- **WHAT TO WORK ON**: For the records below, please print exactly and only the lines from the one with "An Eternal Circle: Spiritual" down to the one with "by Lionel Shriver", both ends included, omitting the pictures.

___ RECORDS FOR PROCESSING ___

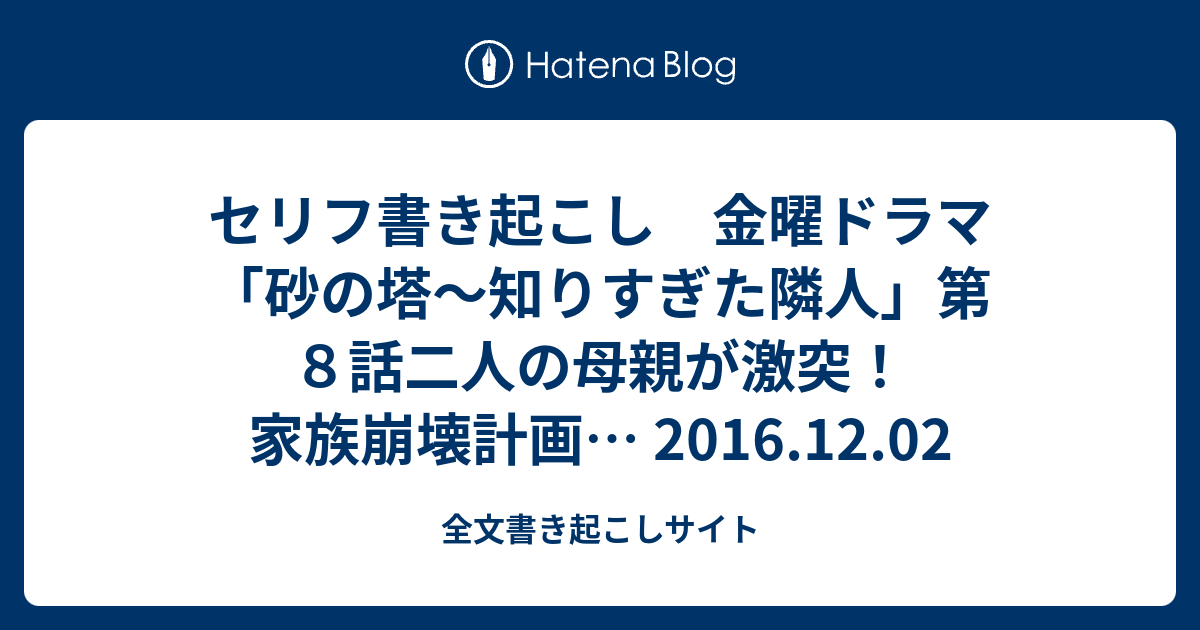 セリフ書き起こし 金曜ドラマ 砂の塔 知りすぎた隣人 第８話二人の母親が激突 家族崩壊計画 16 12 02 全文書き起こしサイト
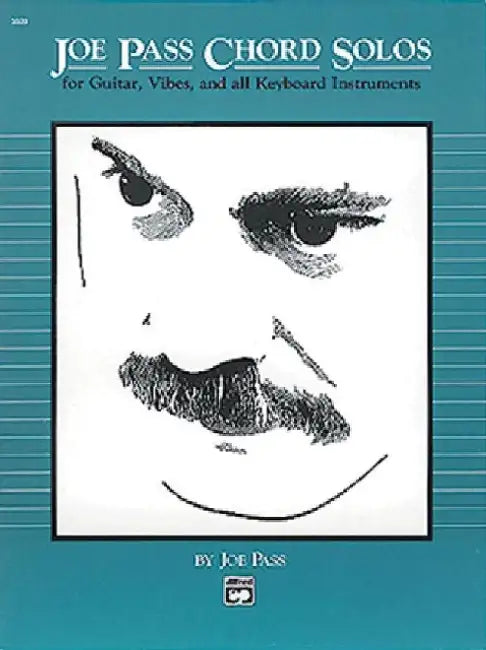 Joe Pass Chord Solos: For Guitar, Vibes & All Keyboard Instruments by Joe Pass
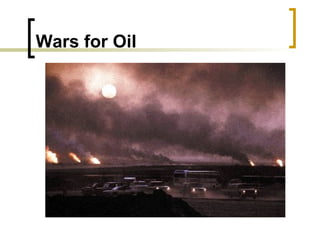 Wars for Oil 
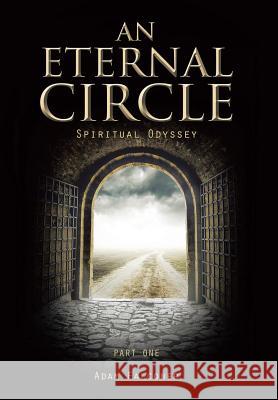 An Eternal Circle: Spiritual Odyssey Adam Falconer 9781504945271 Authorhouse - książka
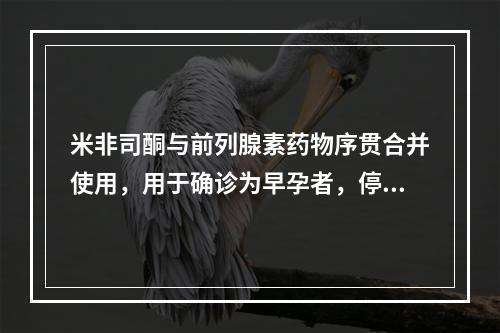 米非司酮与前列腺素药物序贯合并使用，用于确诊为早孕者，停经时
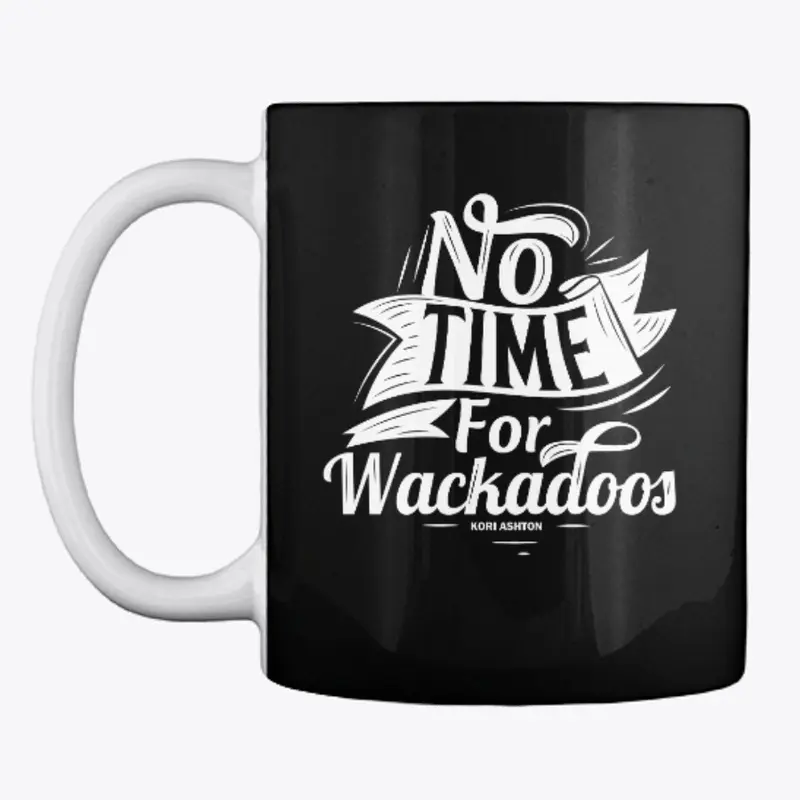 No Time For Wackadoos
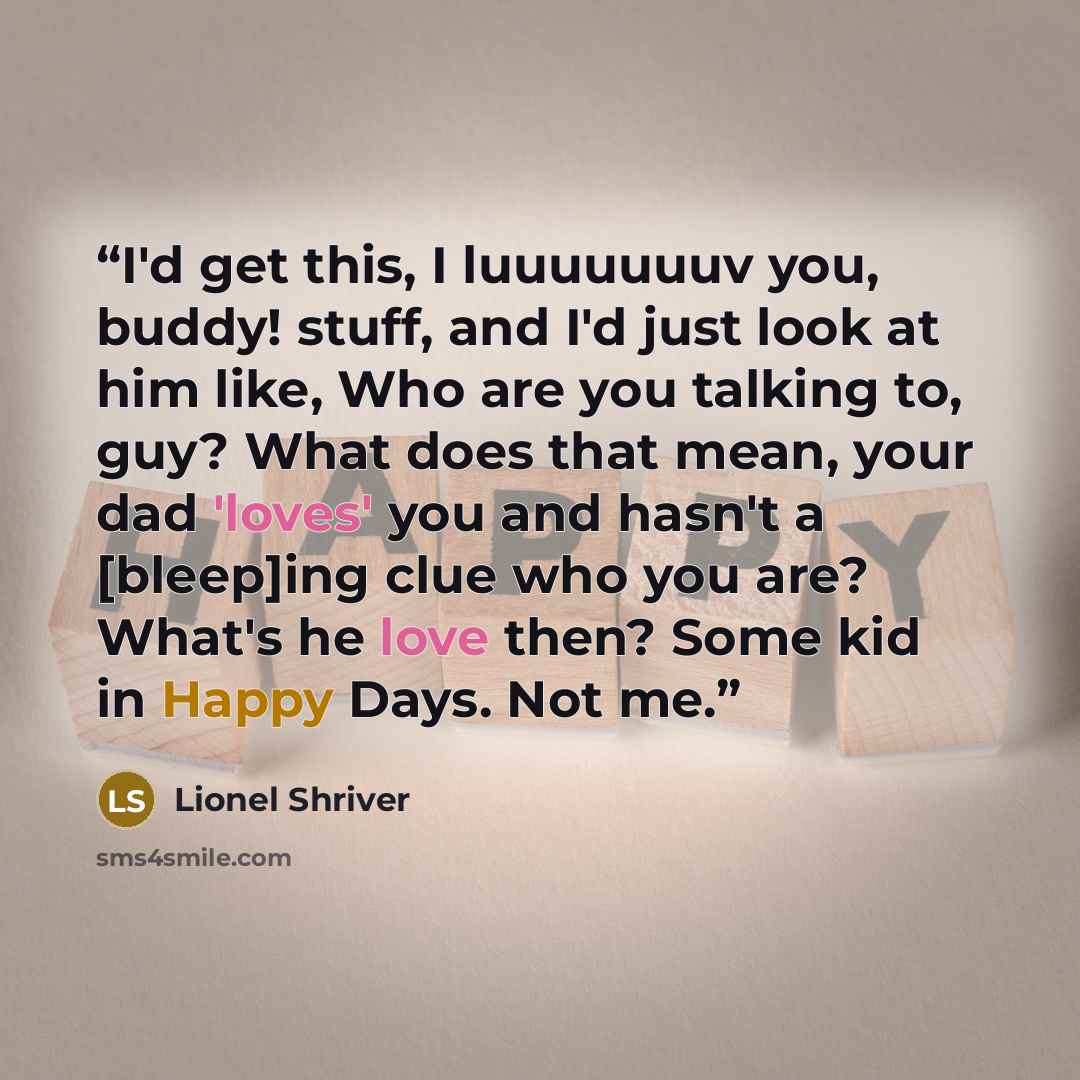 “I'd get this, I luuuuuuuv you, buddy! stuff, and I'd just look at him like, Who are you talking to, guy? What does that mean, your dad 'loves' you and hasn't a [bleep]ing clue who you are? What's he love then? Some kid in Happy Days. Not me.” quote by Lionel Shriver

___
___ RECORDS FOR PROCESSING ___

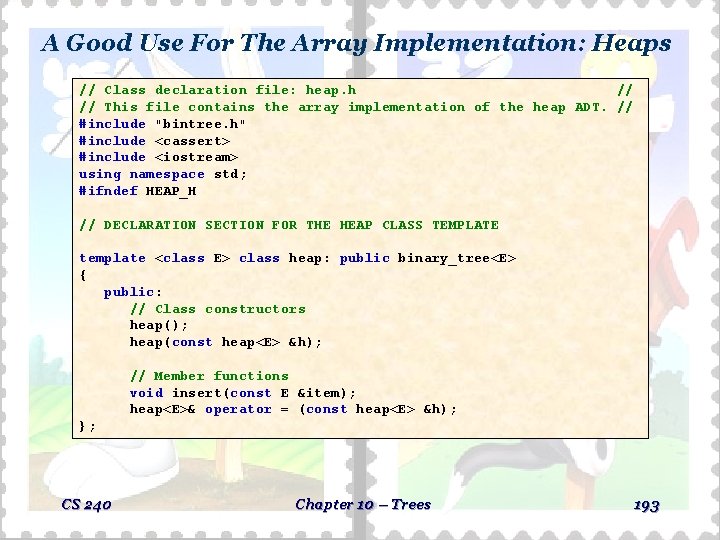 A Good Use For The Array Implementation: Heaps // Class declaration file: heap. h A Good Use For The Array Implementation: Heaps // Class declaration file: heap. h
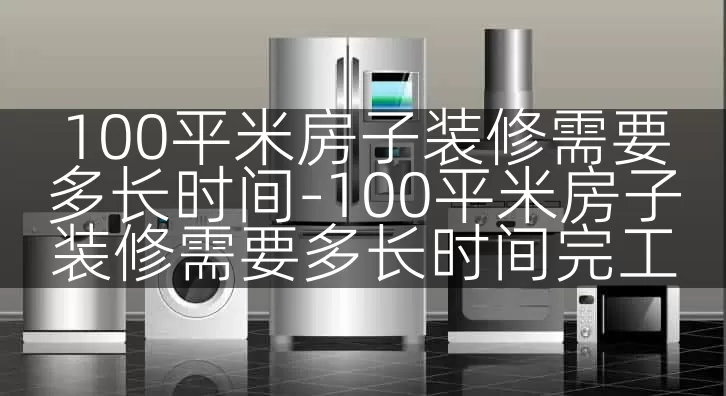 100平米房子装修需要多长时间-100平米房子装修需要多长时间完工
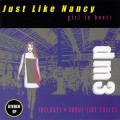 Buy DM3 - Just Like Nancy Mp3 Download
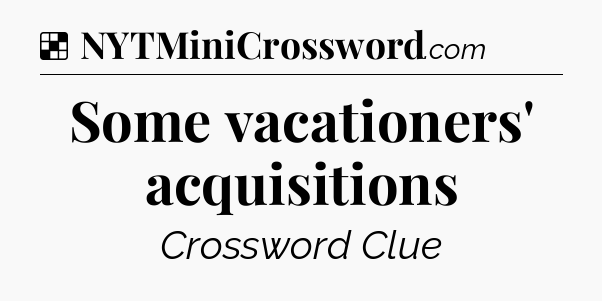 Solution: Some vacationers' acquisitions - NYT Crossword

___
___ RECORDS FOR PROCESSING ___

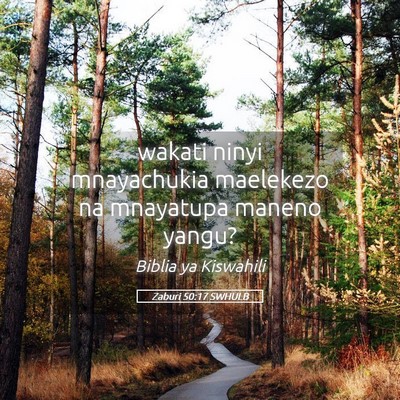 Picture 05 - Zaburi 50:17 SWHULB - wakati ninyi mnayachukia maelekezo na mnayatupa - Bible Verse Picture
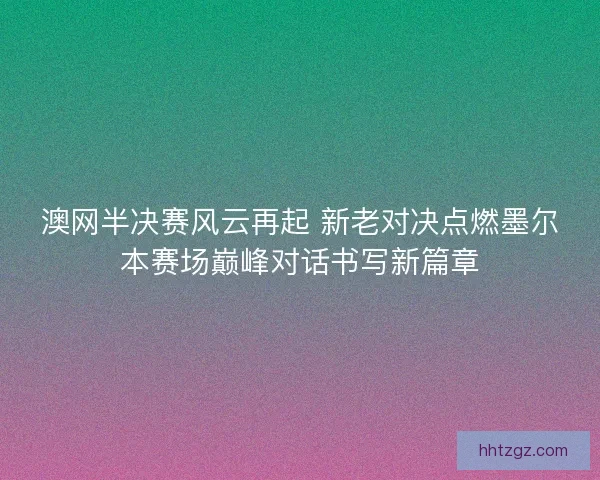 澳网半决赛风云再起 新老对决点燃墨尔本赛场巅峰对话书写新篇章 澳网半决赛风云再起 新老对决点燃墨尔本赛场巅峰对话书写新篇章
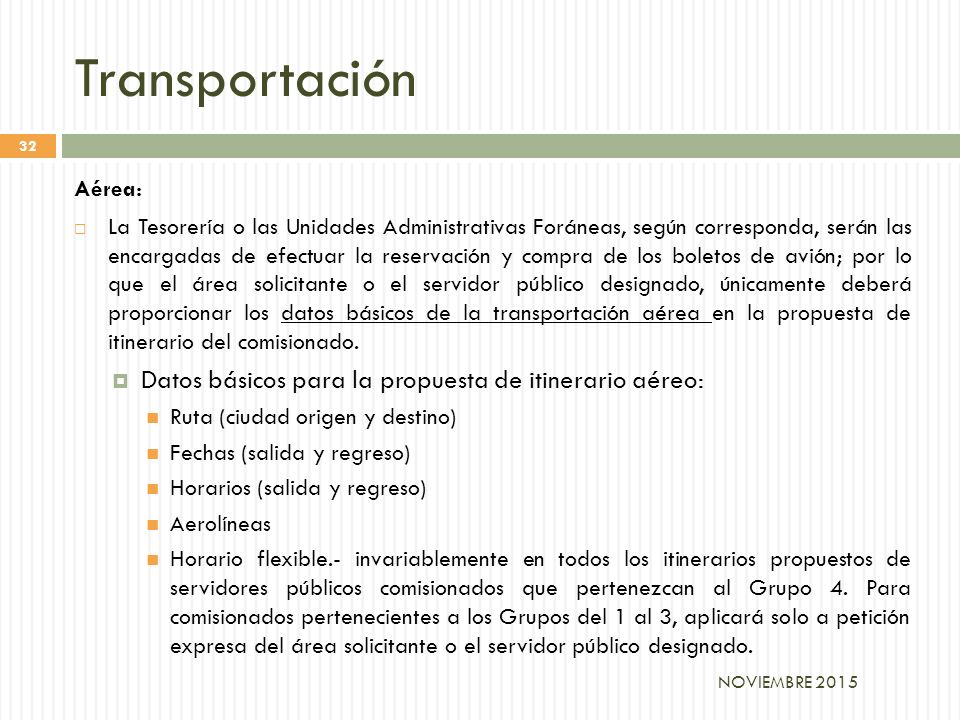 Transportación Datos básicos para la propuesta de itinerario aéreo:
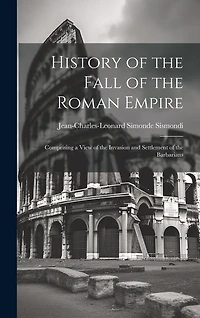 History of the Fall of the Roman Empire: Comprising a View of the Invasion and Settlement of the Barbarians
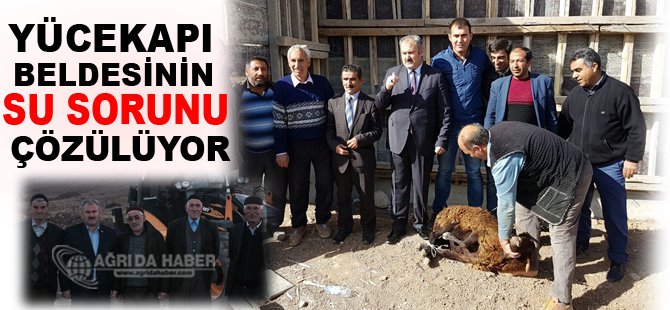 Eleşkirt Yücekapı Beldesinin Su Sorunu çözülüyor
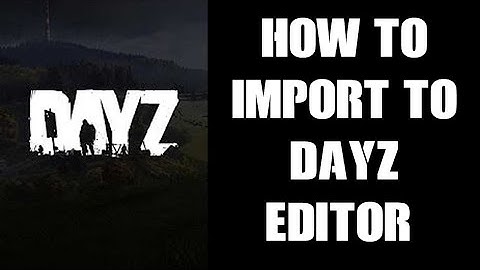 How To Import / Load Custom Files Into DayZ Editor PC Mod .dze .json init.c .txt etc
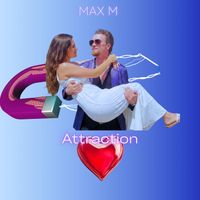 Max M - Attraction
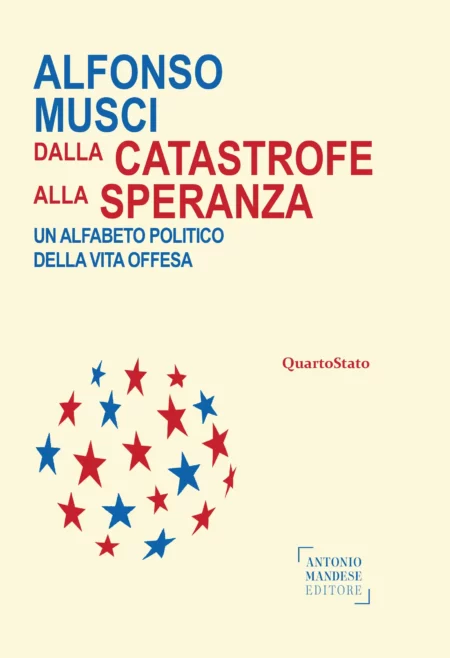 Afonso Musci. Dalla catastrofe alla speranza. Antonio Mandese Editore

___

- **RESPONSE FOR THIS EXERCISE**:
 An Eternal Circle: Spiritual Odyssey Adam Falconer 9781504945271 Authorhouse - książka
 米非司酮与前列腺素药物序贯合并使用，用于确诊为早孕者，停经时
 No Time For Wackadoos
 “I'd get this, I luuuuuuuv you, buddy! stuff, and I'd just look at him like, Who are you talking to, guy? What does that mean, your dad 'loves' you and hasn't a [bleep]ing clue who you are? What's he love then? Some kid in Happy Days. Not me.” quote by Lionel Shriver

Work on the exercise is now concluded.